[Brief descriptive captions]
^^^^^^^^

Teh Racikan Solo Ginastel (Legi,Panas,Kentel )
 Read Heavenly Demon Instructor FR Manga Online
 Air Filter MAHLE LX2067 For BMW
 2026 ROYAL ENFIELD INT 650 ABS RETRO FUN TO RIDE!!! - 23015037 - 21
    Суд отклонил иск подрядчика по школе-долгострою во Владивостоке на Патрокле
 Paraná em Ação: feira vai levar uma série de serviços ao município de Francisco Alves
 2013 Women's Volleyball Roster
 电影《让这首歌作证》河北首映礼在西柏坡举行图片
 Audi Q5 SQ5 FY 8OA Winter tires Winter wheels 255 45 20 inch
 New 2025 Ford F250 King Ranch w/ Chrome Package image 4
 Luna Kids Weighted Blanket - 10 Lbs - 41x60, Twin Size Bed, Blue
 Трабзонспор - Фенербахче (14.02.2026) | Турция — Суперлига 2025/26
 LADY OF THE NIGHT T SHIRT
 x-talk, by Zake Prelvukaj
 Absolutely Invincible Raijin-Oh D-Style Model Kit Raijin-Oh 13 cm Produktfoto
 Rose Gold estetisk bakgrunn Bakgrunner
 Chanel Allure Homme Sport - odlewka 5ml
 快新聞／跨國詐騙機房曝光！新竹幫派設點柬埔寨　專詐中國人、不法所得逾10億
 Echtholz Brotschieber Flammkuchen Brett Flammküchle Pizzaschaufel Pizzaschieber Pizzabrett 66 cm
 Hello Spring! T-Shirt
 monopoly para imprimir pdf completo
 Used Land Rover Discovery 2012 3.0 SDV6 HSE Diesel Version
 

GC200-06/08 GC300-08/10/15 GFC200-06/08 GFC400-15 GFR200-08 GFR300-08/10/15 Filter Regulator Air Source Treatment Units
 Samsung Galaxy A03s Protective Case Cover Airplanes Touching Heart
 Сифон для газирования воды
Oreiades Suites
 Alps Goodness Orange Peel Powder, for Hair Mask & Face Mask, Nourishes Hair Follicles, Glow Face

^^^^^^^^

## How to complete this task
Send back exactly the lines from the line with "Luna Kids Weighted" through the end of the records.

## Exercise response
 Luna Kids Weighted Blanket - 10 Lbs - 41x60, Twin Size Bed, Blue
 Трабзонспор - Фенербахче (14.02.2026) | Турция — Суперлига 2025/26
 LADY OF THE NIGHT T SHIRT
 x-talk, by Zake Prelvukaj
 Absolutely Invincible Raijin-Oh D-Style Model Kit Raijin-Oh 13 cm Produktfoto
 Rose Gold estetisk bakgrunn Bakgrunner
 Chanel Allure Homme Sport - odlewka 5ml
 快新聞／跨國詐騙機房曝光！新竹幫派設點柬埔寨　專詐中國人、不法所得逾10億
 Echtholz Brotschieber Flammkuchen Brett Flammküchle Pizzaschaufel Pizzaschieber Pizzabrett 66 cm
 Hello Spring! T-Shirt
 monopoly para imprimir pdf completo
 Used Land Rover Discovery 2012 3.0 SDV6 HSE Diesel Version
 

GC200-06/08 GC300-08/10/15 GFC200-06/08 GFC400-15 GFR200-08 GFR300-08/10/15 Filter Regulator Air Source Treatment Units
 Samsung Galaxy A03s Protective Case Cover Airplanes Touching Heart
 Сифон для газирования воды
Oreiades Suites
 Alps Goodness Orange Peel Powder, for Hair Mask & Face Mask, Nourishes Hair Follicles, Glow Face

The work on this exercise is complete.